◆ Task statement ◆
In the data below, set down exactly the lines from the one containing "Area and facilities in Hotel Cristallo" up to and including the one containing "Artwork for The Mindful CEO". Leave the pictures out.

◆ Data to use ◆
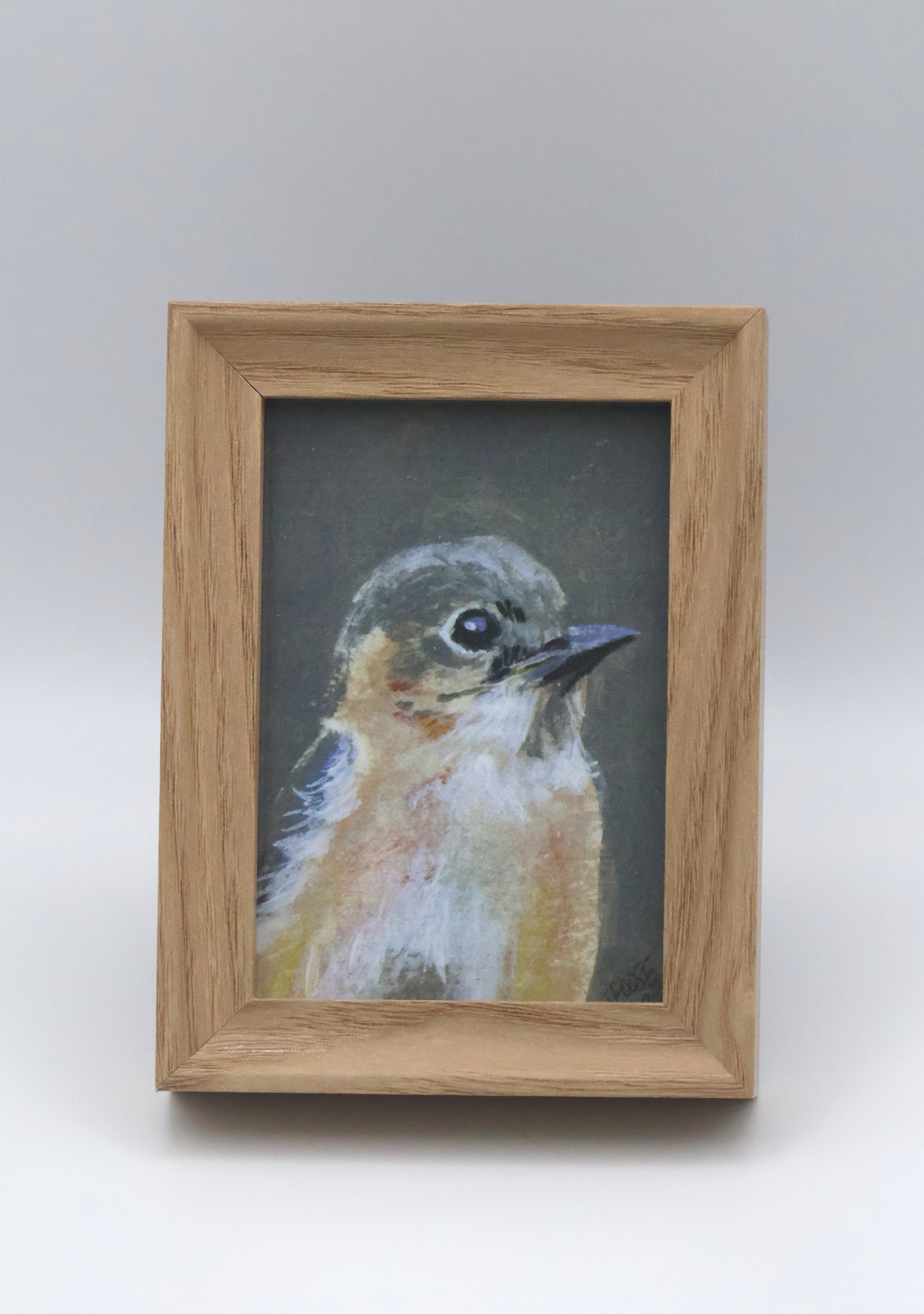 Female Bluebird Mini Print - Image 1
---
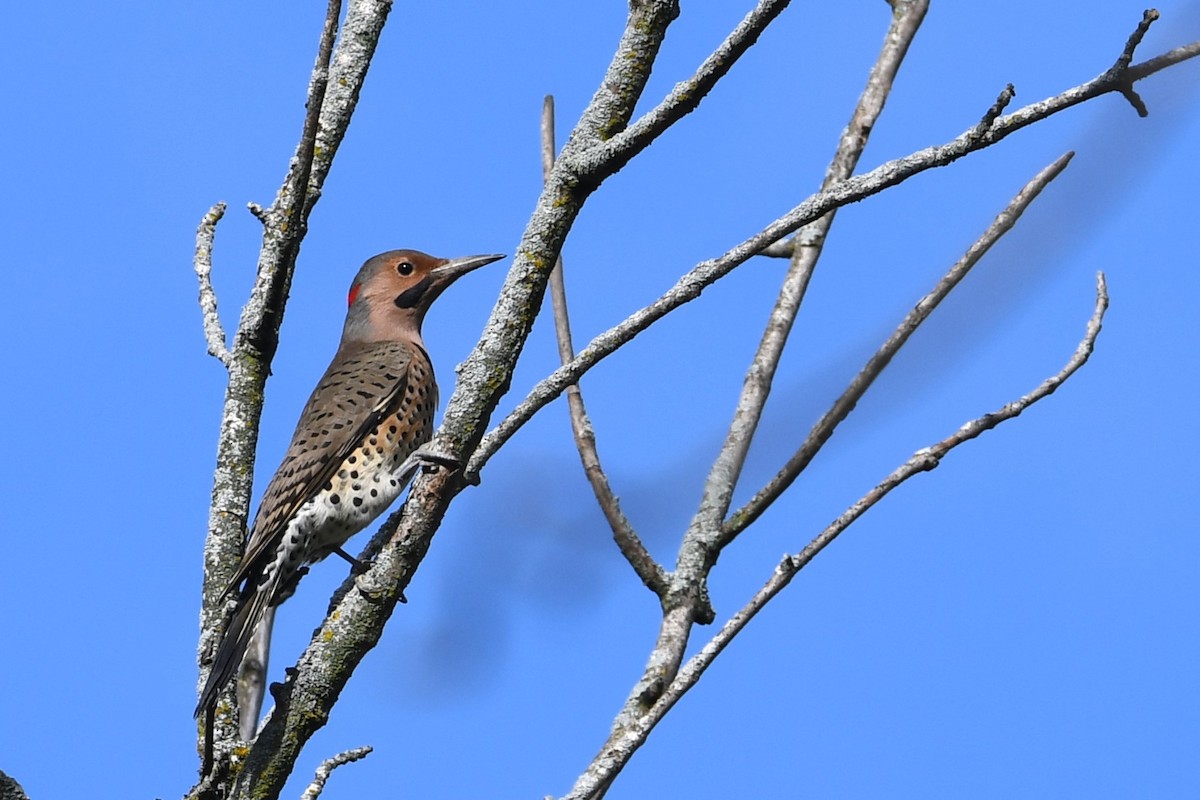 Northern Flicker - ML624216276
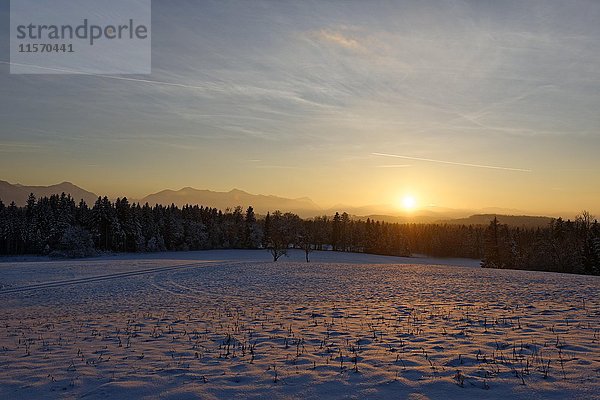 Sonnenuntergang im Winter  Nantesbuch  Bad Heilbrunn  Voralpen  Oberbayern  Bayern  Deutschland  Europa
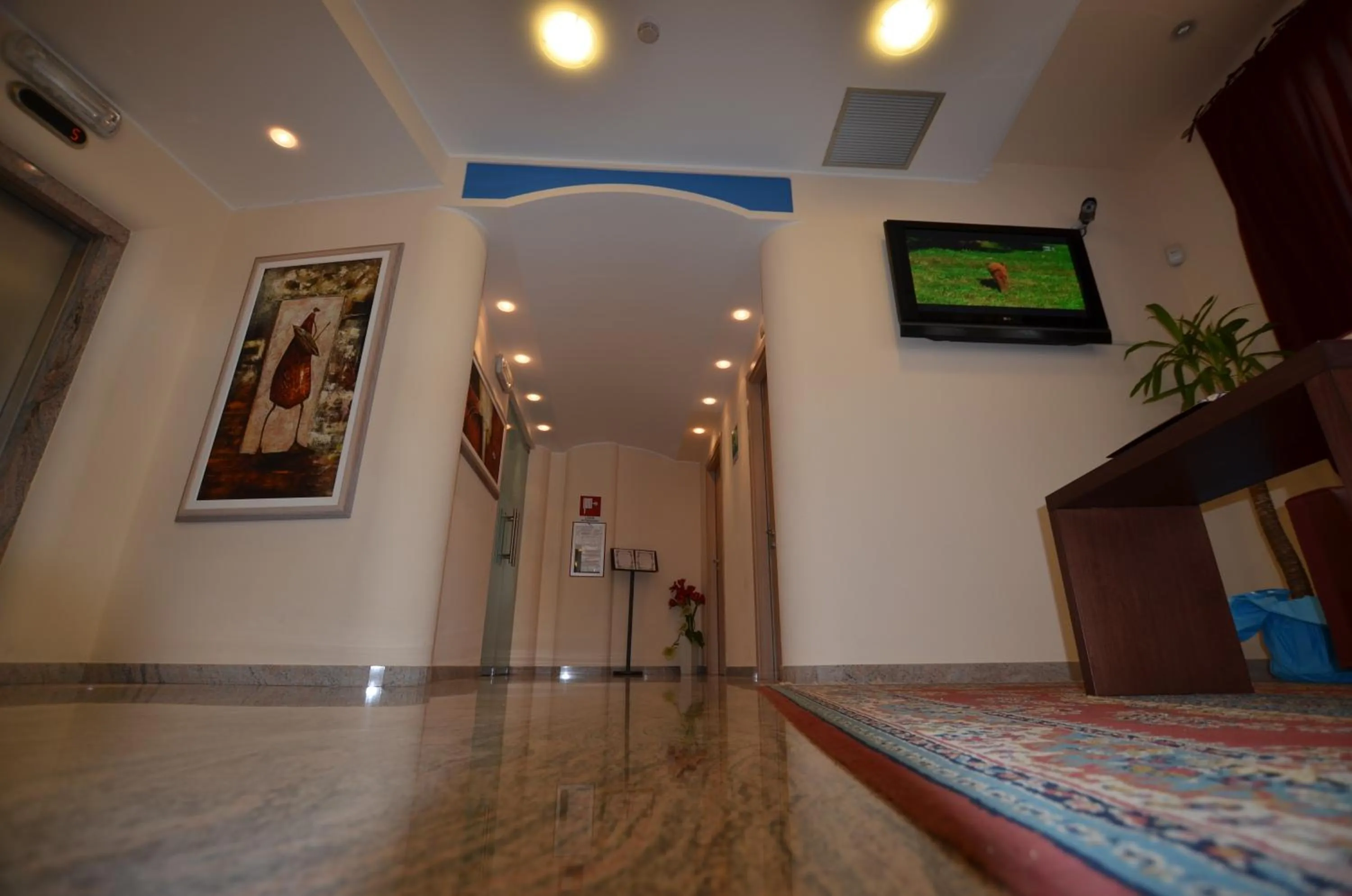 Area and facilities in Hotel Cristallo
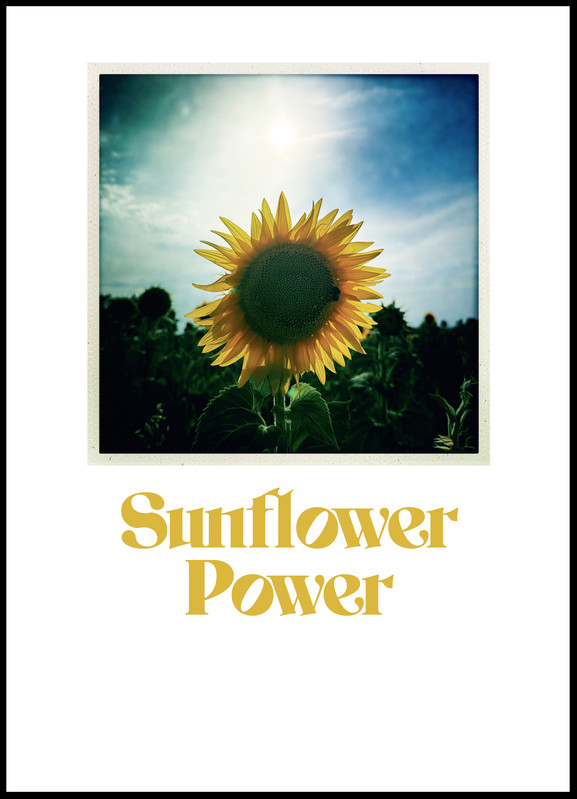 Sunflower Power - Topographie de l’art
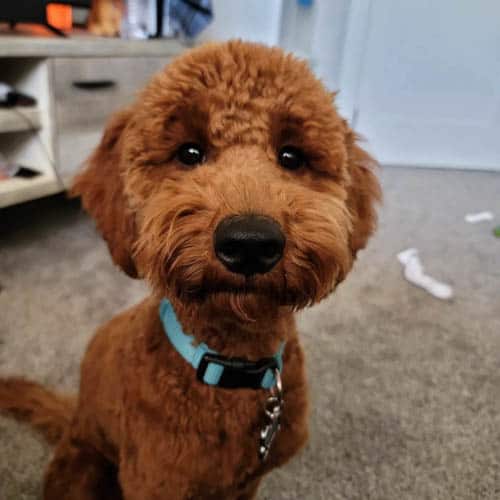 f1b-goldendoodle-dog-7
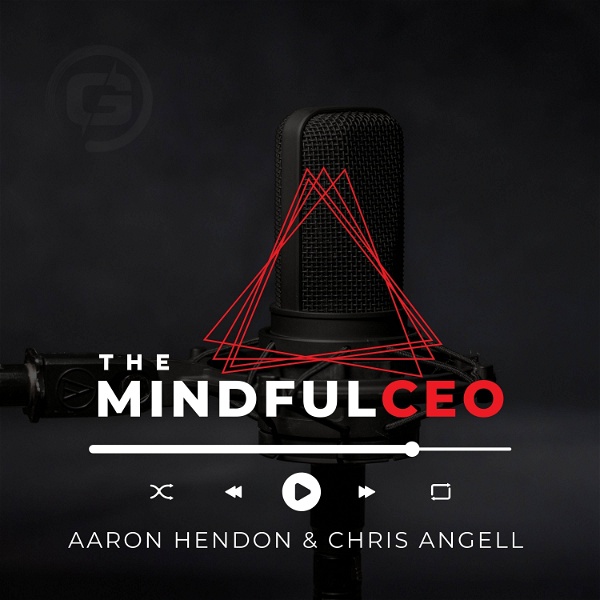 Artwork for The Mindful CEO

◆ Solution ◆
 Area and facilities in Hotel Cristallo
 Sunflower Power - Topographie de l’art
 f1b-goldendoodle-dog-7
 Artwork for The Mindful CEO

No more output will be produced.